Let's reiterate a point here -- a quarter of Medicaid spending goes for long-term care for the elderly. If Medicaid is not there to pick up those costs, it falls to families. There's already an explicit tax hike for the middle class in Ryan's plan. Taking Medicaid funding from families with disabled children and parents and grandparents in nursing homes compounds that. Plenty of middle-class families only remain middle class because they're spared crippling medical and long-term care costs. A decade or two of the Ryan plan, and there will be no more middle class in America.


Rep. Paul D. Ryan said on Tuesday morning: "This is not a budget, this is a cause."

Daily Kos diarist Giles Goat Bay wrote in response to Ryan's assertion:

The Republican majority in the House of Representatives are not there to govern. They are not there to make and defend tough choices. They are not there to hammer out a deal that would require genuine shared sacrifice. In short, they are not there to deal with reality. They are there as ideologues.


That's what it looks like to me too.

Here's an opinion piece featured yesterday on the front page of FoxNews.com, in case the NYT and Daily Kos aren't sufficiently fair or balanced for this post's readers. From yesterday's The Federal Budget Crisis Hoax, by Sally Kohn:

[...] the extent of the federal budget crisis as a whole is being wildly overblown to scare us toward drastic measures rather than rational solutions. [...] big corporations and their lobbyists have literally been manipulating our government --- both Republicans and Democrats --- to grease the wheels for big business while putting up more and more obstacles for working families, small business owners, homeowners, etc. [...] And so, at their behest, politicians of both parties --- as well as the media owned by the very same big businesses --- tell us that the government is broke and our debt level is unsustainable and, therefore, we’re going to have to cut things like unemployment benefits and funding for public school teachers. Wall Street doesn’t care.


Ms. Kohn quotes economist Dean Baker of the Center for Economic and Policy Research (CEPR), so I will too -- with a special shout-out to readers who imagine that my habit of quoting Nobel prize-winning economist Paul Krugman implies he is alone in his expert judgement:

[...] deficit hawks have gone on the warpath insisting that we have to start worrying about bringing the deficit down. [...] This is, of course, complete nonsense. Larger deficits in the current economic environment will only increase output and employment. In other words, larger deficits will put many of our children's parents back to work. Larger deficits will increase the likelihood that parents can keep their homes and provide their children with the health care, clothing and other necessities for a decent upbringing. But, the deficit hawks would rather see our children suffer so that we can have smaller deficits.

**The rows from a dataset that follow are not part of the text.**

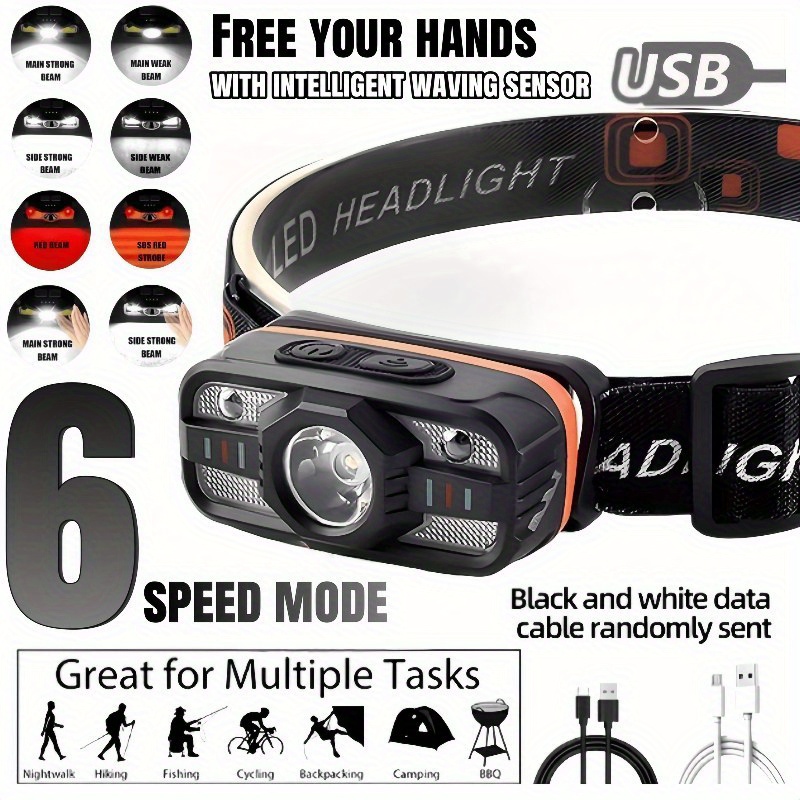 head lamps rechargeable sold on Temu United States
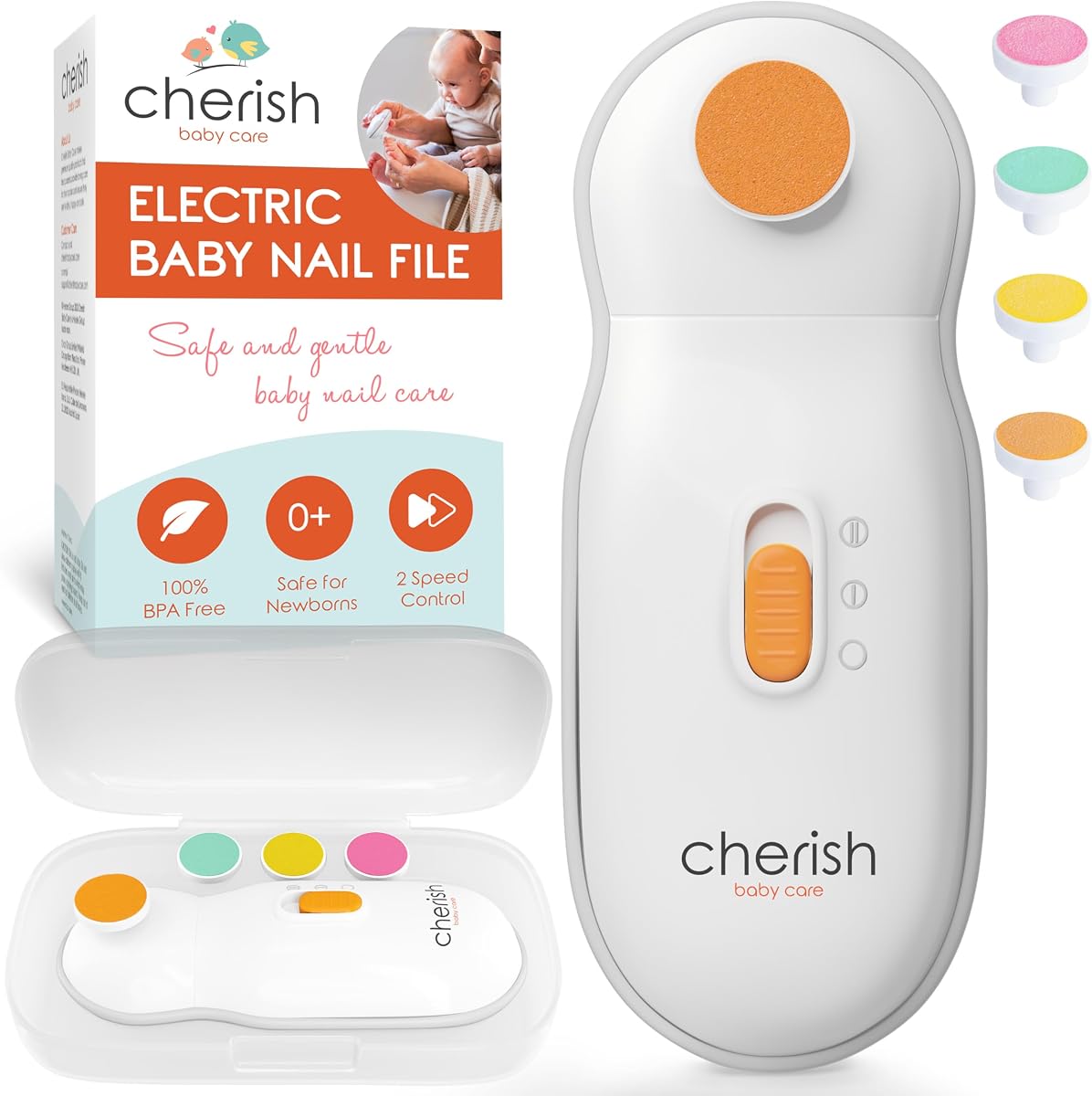 Baby Nail Trimmer Electric - Auto Safety Stop (4 Pads) | BPA-free, safety-tested electric nail file baby kit with automatic safety stop & 4 filing pads for babies 0-12+ months.
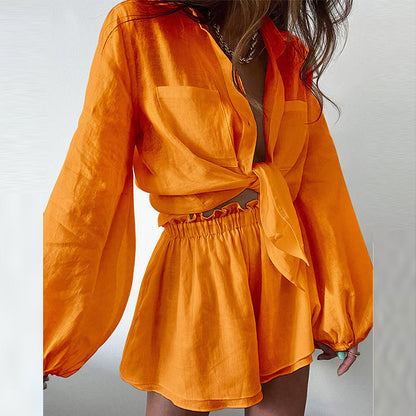 Summer Color Ruffles Shorts Long Sleeve Set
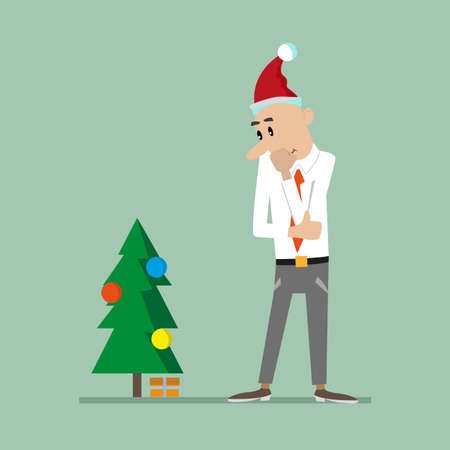 man looks on the tree. under the tree lies a gift. vector illustration of cartoonのイラスト素材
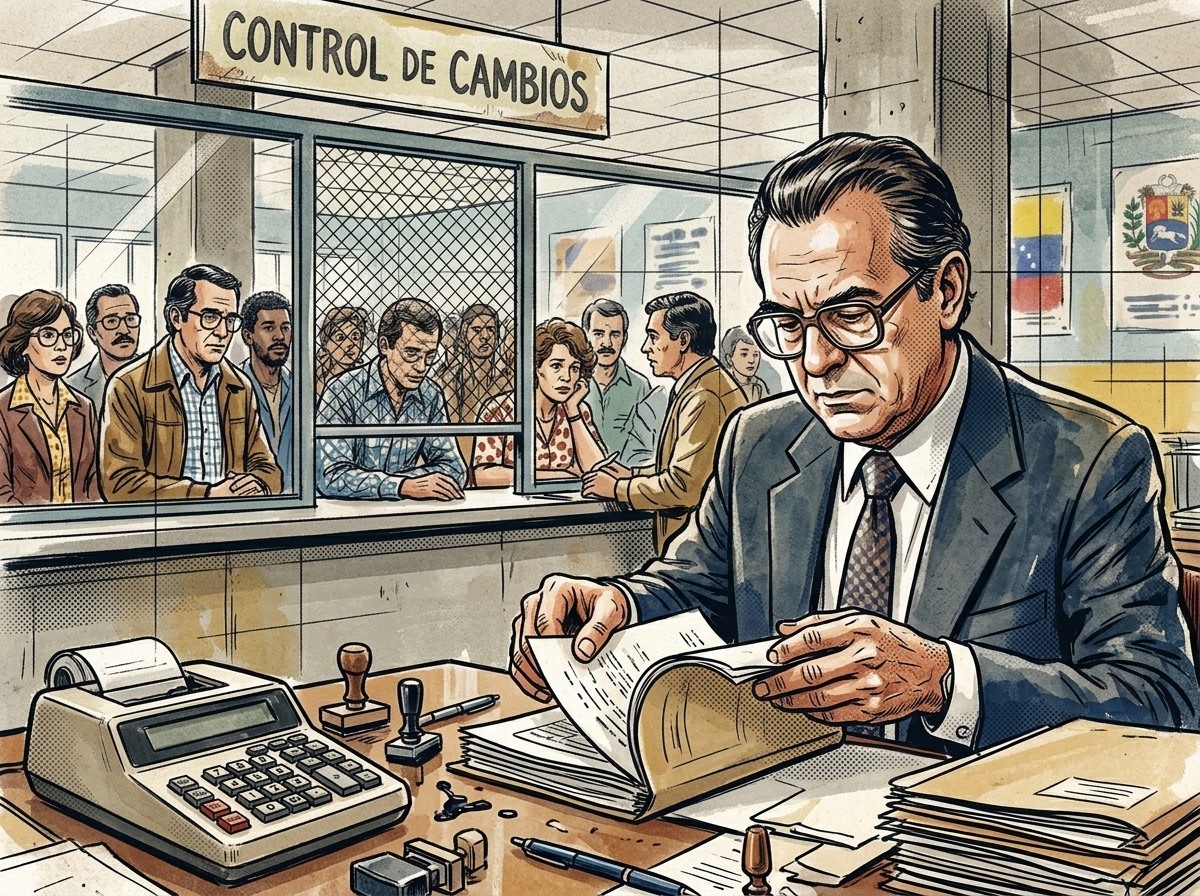 Ilustración editorial para RECADI: controles, divisas y rendición de cuentas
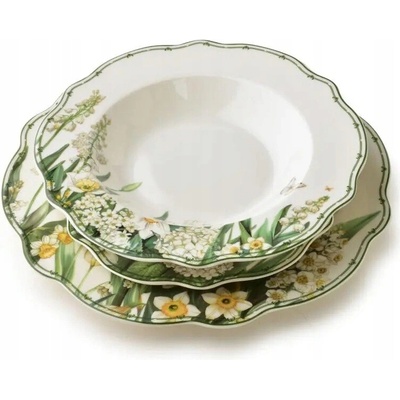 Plochý talíř Mondex zelený porcelánový 18 ks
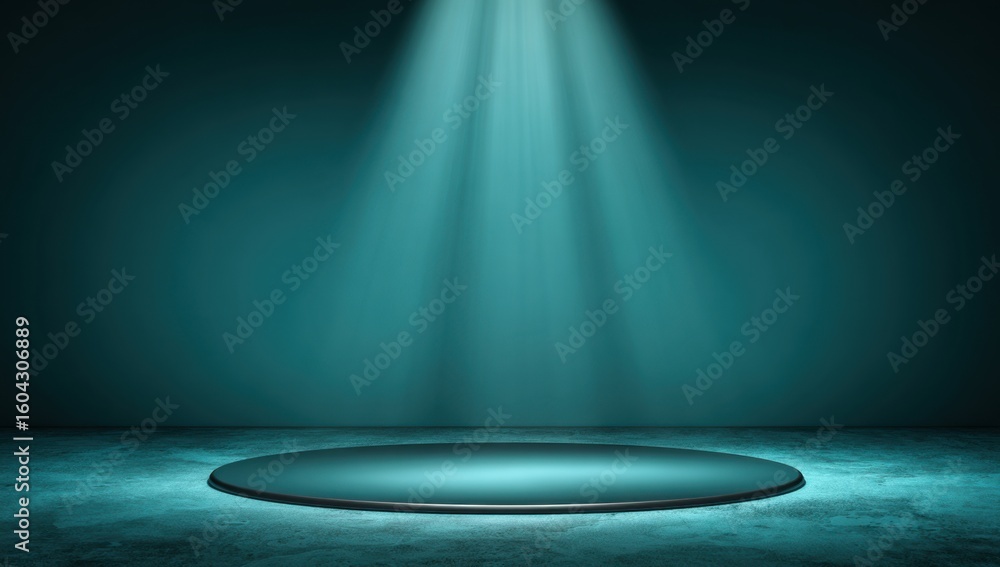 Poster an ethereal spotlight illuminates a circular platform stage set against a textured backdrop creating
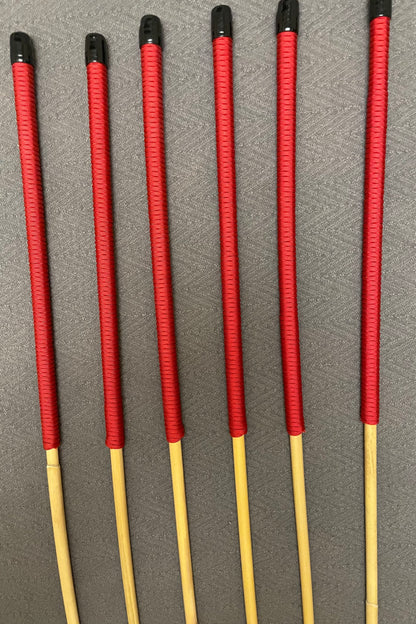 Thick and Thuddy Dragon Canes / Punishment Canes / BDSM Dominatrix Canes Set of 6 - - 100 cms Length - Red Paracord Handles - Stripewell Canes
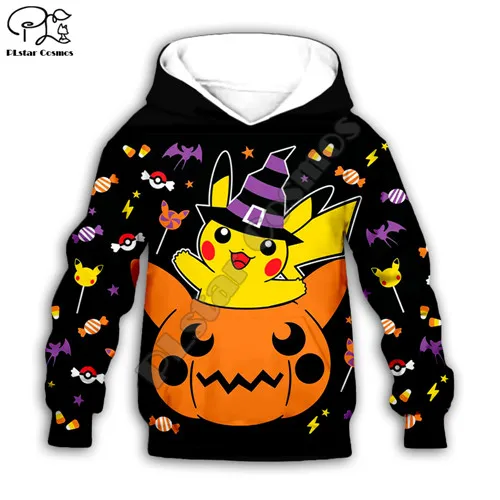 Kids hoodies Детские костюмы на Хэллоуин для мальчиков и девочек с мультипликационным принтом Пикачу; толстовки с капюшоном с 3D принтом покемона; детские толстовки на молнии с изображением тыквы - Цвет: Kids hoodies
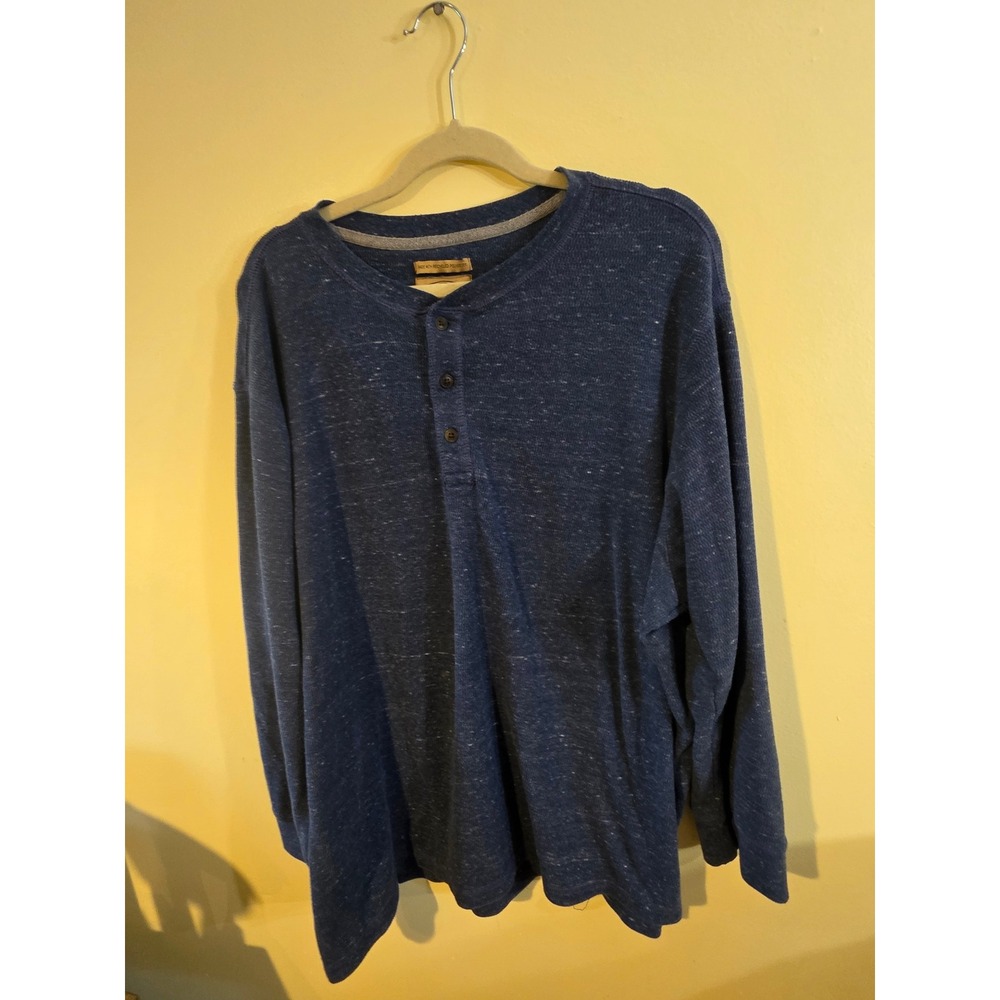 Foundry Supply Co Mens 3XL Blue Marled Waffle Knit Long Sleeve Henley Shirt
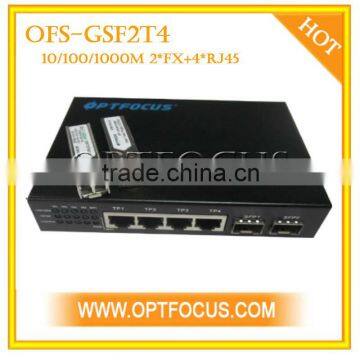 10/100/1000M 4UTP+2SFP Media Converter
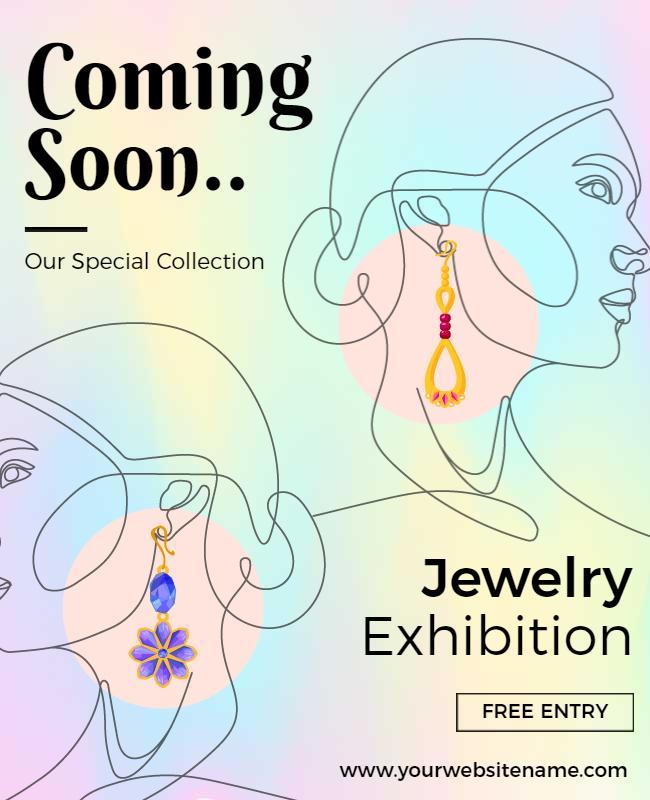 Upcoming Jewelry Exhibition Free Entry Flyer Template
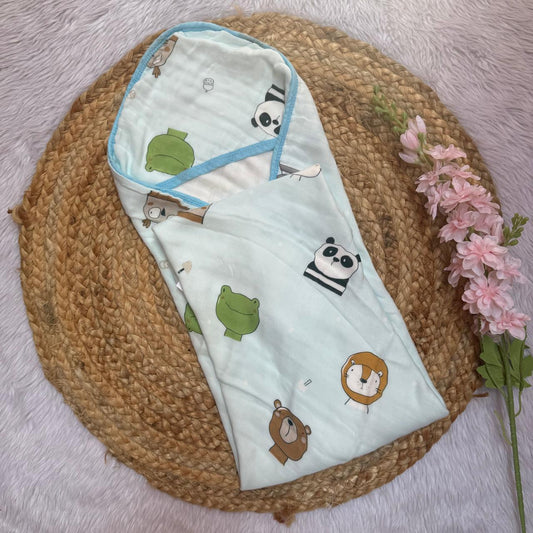 Muslin 6 Layer Hooded Towel - Blue Animal Faces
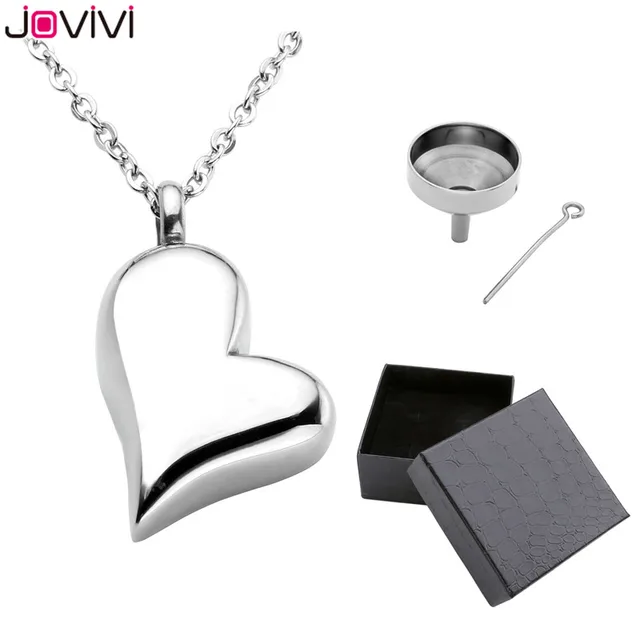 Price JOVIVI Hot Style Stainless Steel Memorial Ash Keepsake Cremation Jewelry Love Heart Container Urn Memorial Pendant Necklace 24"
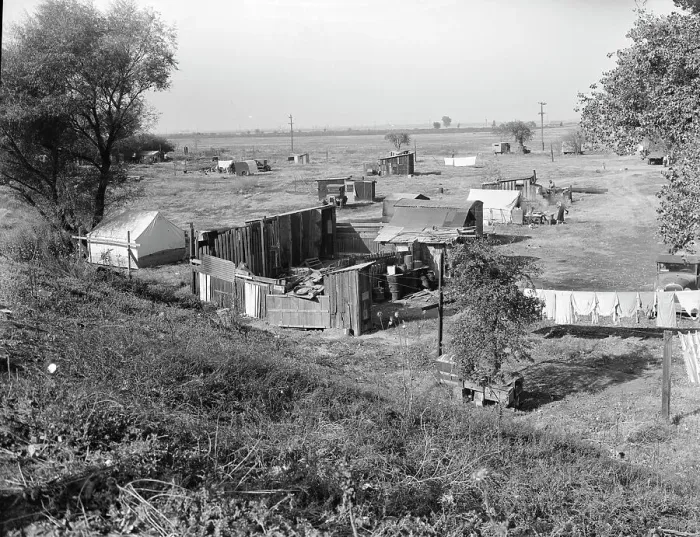 Framed Print : Migrant camp on the outskirts of Sacramento, California on the American River, 1936. Creator: Dorothea Lange Framed Print : Migrant camp on the outskirts of Sacramento, California on the American River, 1936. Creator: Dorothea Lange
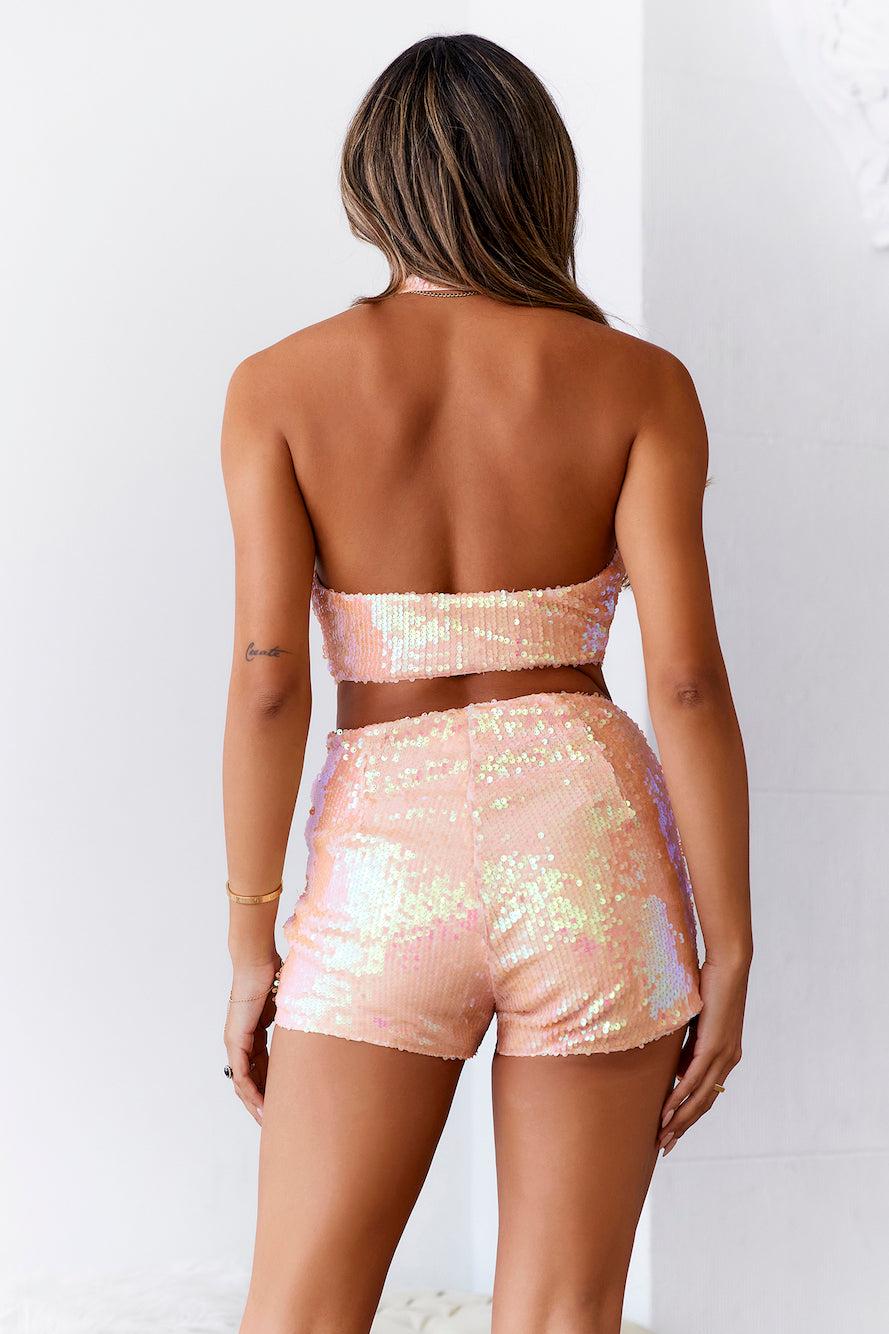 HELLO MOLLY Crystal Ball Sequin Shorts Peach Product Image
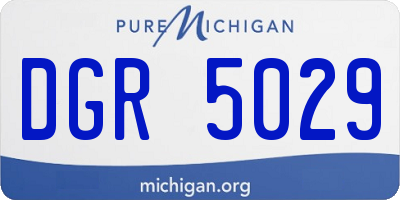MI license plate DGR5029
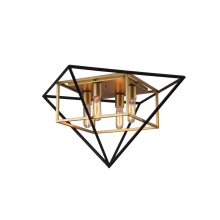 Eglo Canada 204685A - 4 LT Geometric Open Frame Ceiling Light w/ Antique Gold & Black Finish
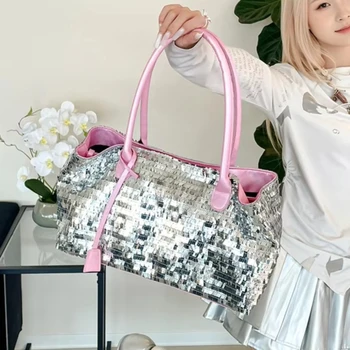 Borse a Spalla con Paillettes per Donna, Shopper Lucidi di Grande Capacità, Borse da Sera per Discoteca, Borse Firmate di Lusso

Pander to the rich. Leave the poor to die in squalor. That's the cliff over which the G.O.P. wants to drive a nation they would rather damage than govern.

1 comment:

  1. Well, okay, here's Paul Krugman himself on Rep. Ryan's proposal:

    In short, this plan isn’t remotely serious; on the contrary, it’s ludicrous.

    And it’s also cruel.

    In the past, Mr. Ryan has talked a good game about taking care of those in need. But as the Center on Budget and Policy Priorities points out, of the $4 trillion in spending cuts he proposes over the next decade, two-thirds involve cutting programs that mainly serve low-income Americans. And by repealing last year’s health reform, without any replacement, the plan would also deprive an estimated 34 million nonelderly Americans of health insurance.

    So the pundits who praised this proposal when it was released were punked. The G.O.P. budget plan isn’t a good-faith effort to put America’s fiscal house in order; it’s voodoo economics, with an extra dose of fantasy, and a large helping of mean-spiritedness.